Sorry to disagree with you, but I think that for a sixteen-year-old (or younger) that sex IS dangerous. A 16-year-old is still a child, and as a child, is wont to try things that they are not ready for. Sex is one of those things. besides the more serious dangers of STD's and pregnancy (both of which can permanently impact a young person's life) there are the less obvious dangers to learning how to form meaningful relationships.
One of the big problems to surface lately is very young girls (ages 12-14) becoming sexually involved with "boys" that are several years older. This represents a huge power differential, much like the one that exists between client and counselor. A young girl is easily persuaded to do somehting not in her best interests when it is presented by an older boy who charms her by telling her what she wants to hear.

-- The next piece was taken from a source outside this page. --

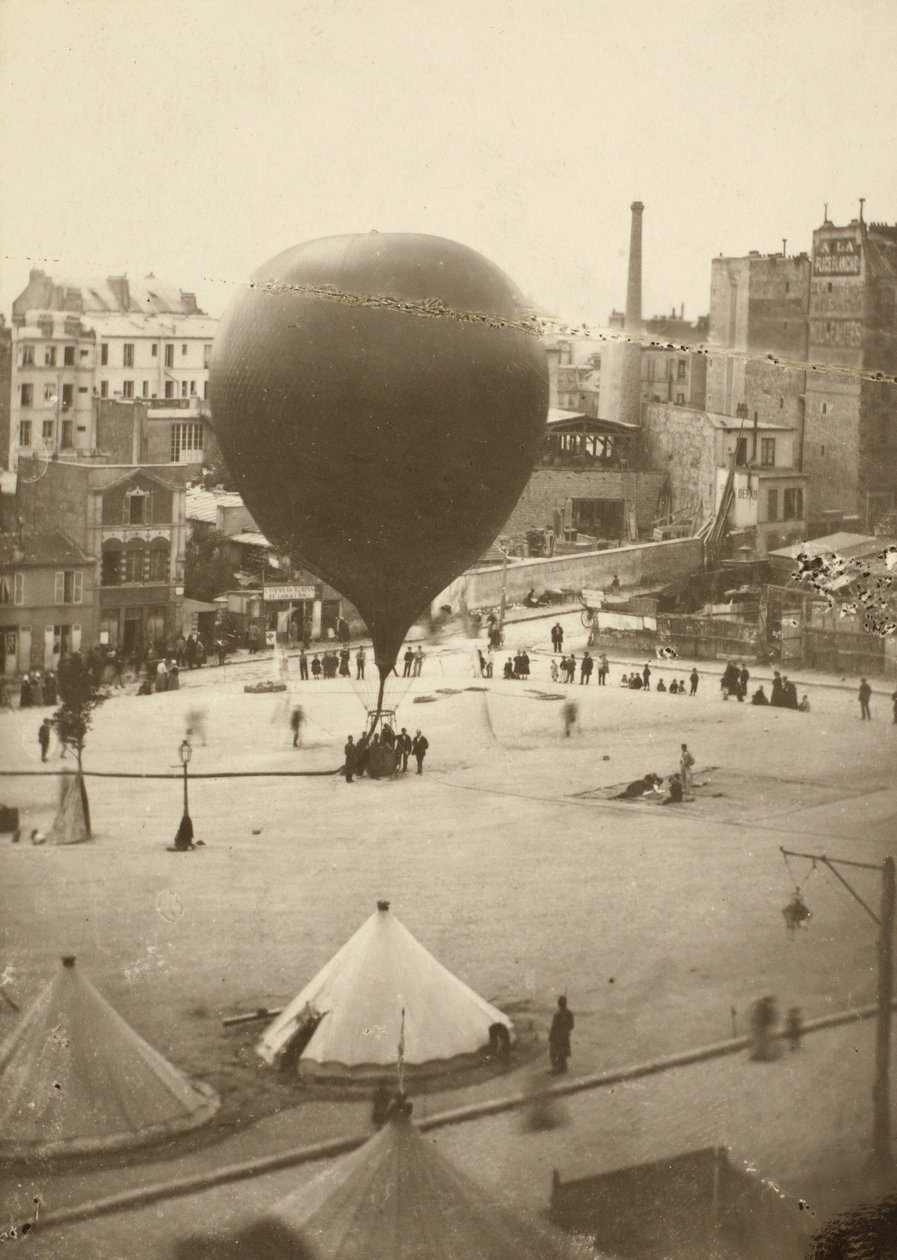 Le Neptune, Place Saint-Pierre à Montmartre, 23 septembre 1870 - Nadar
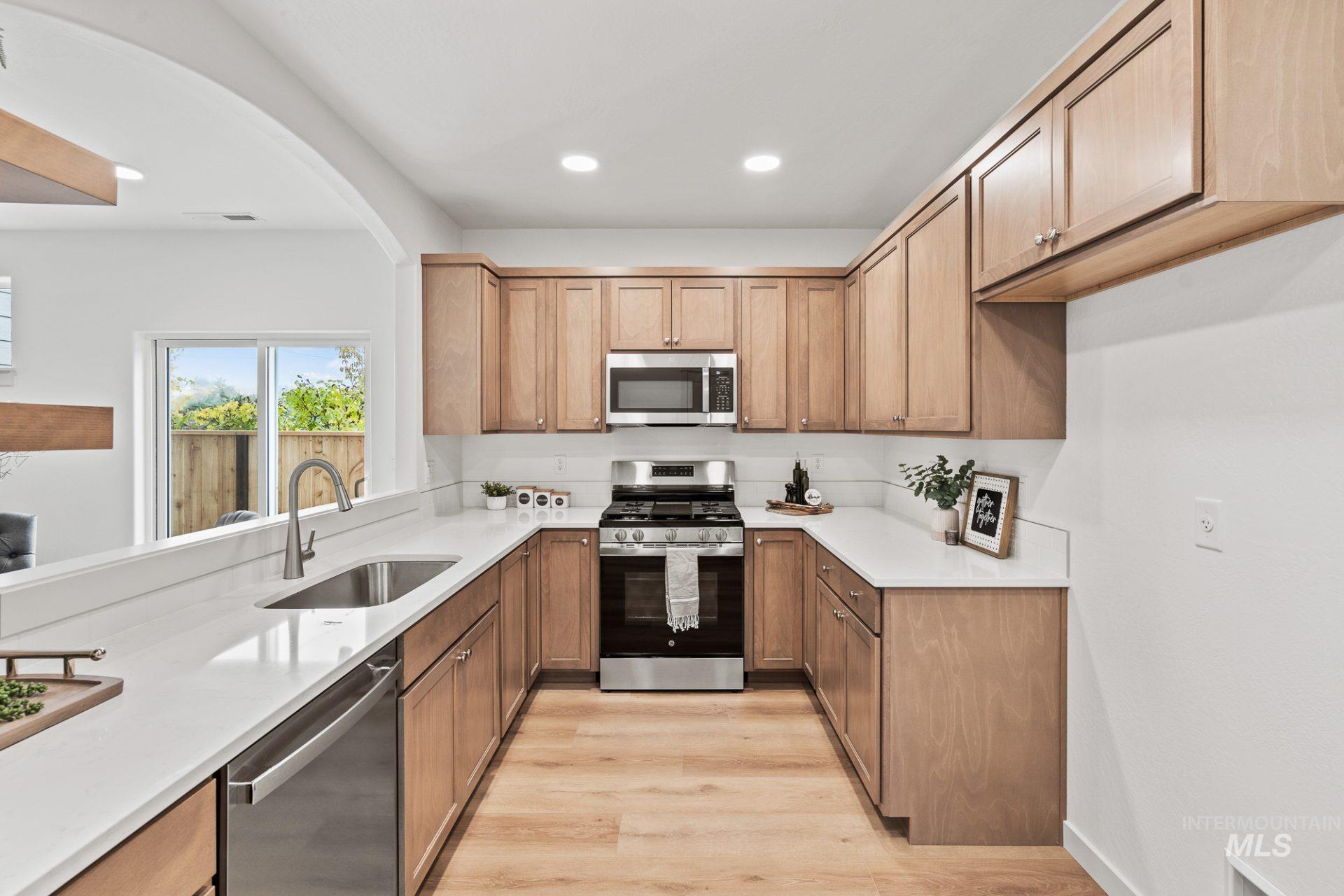 1067 Coral Rd. Property Photo 6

Even outside of this disparate situation, teens who engage in sex often shortcircuit the development of real emotional closeness. Sex can feel like closeness, but too often it eclipses the possibility of developing a relationship.
And, as far as sex education, you can tell teens all they need to know about "safe"sex, contraceptives and the like, but due to the developmental phenomenon of a teen's sense of imperviousness and immortality (it won't happen to me) teens too often ignore all the information they get from us "un-fun" adults. There was recently a program on PBS that addressed the phenomenon of teen sexual behaviors, and how much of a social expectation it has become to have sex with a boyfriend. All of the girls interviewed expressed regret for having engaged in sex at such a young age, it seemed for emotional reasons.
There is NEVER any reason for an unmarried economically dependent teen to be having sex. I stand by my position that teens need to be given permission to say "no" until such a time they feel they are ready and are consenting without coercion or unhealthy persuasion.